Work required:
Copy, word for word, the lines below from the one containing "armar un patrón" up to and including the one containing "red snapper with coconut curry sauce", with pictures left out.

Data extract:
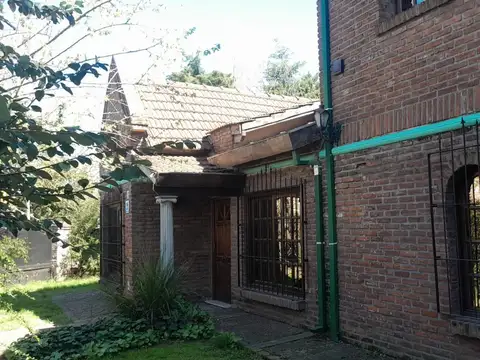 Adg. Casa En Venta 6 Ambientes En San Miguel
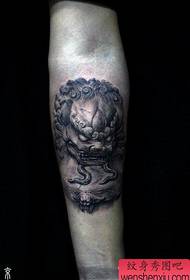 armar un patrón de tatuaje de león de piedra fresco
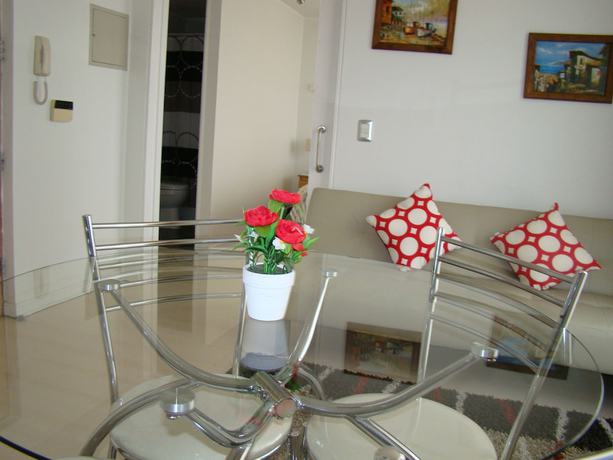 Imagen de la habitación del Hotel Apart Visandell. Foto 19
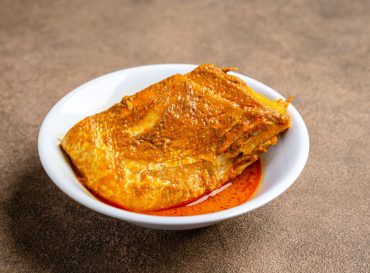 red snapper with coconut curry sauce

...

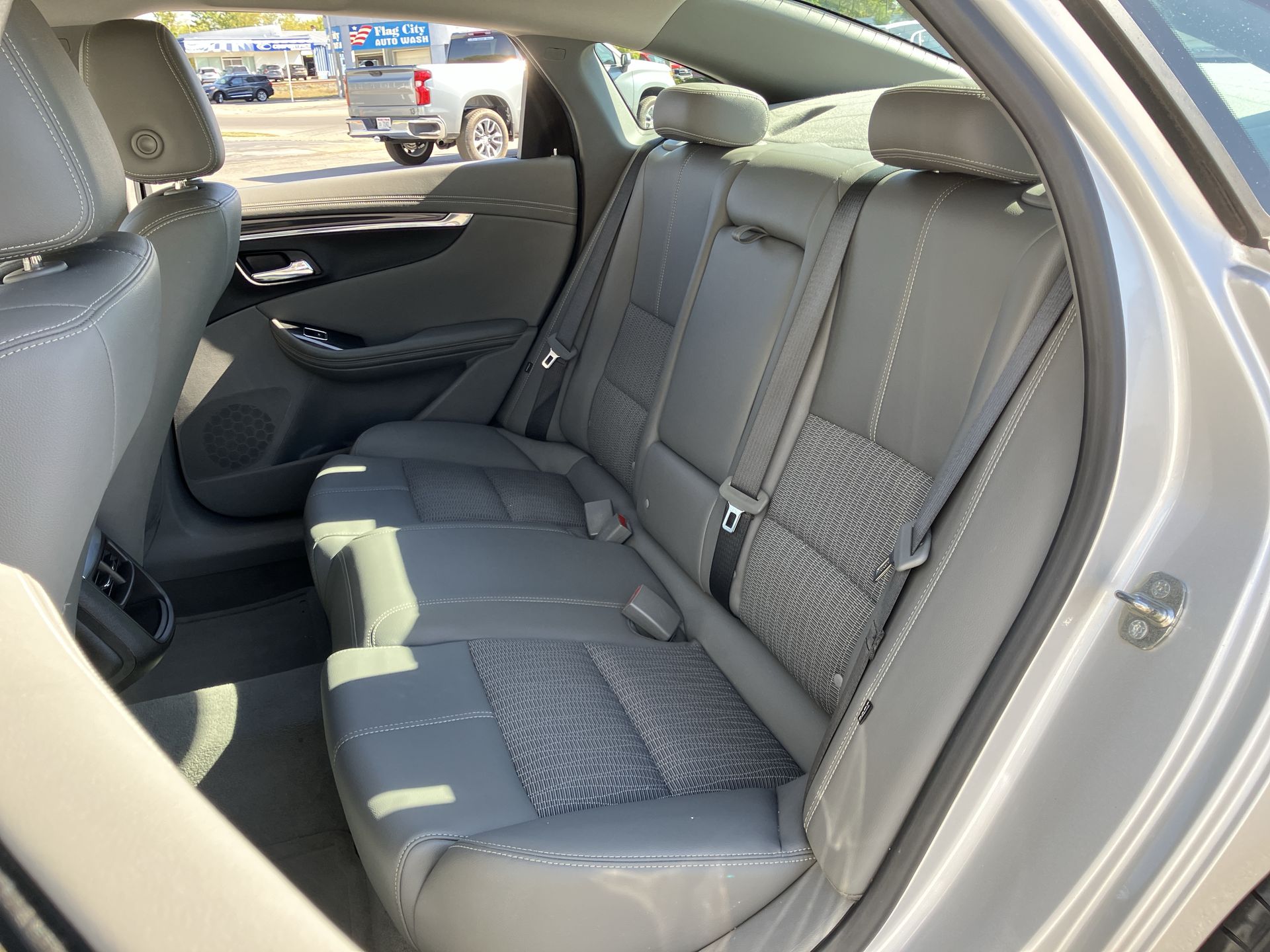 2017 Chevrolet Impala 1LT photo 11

Output for this exercise:
 armar un patrón de tatuaje de león de piedra fresco
 Imagen de la habitación del Hotel Apart Visandell. Foto 19
 red snapper with coconut curry sauce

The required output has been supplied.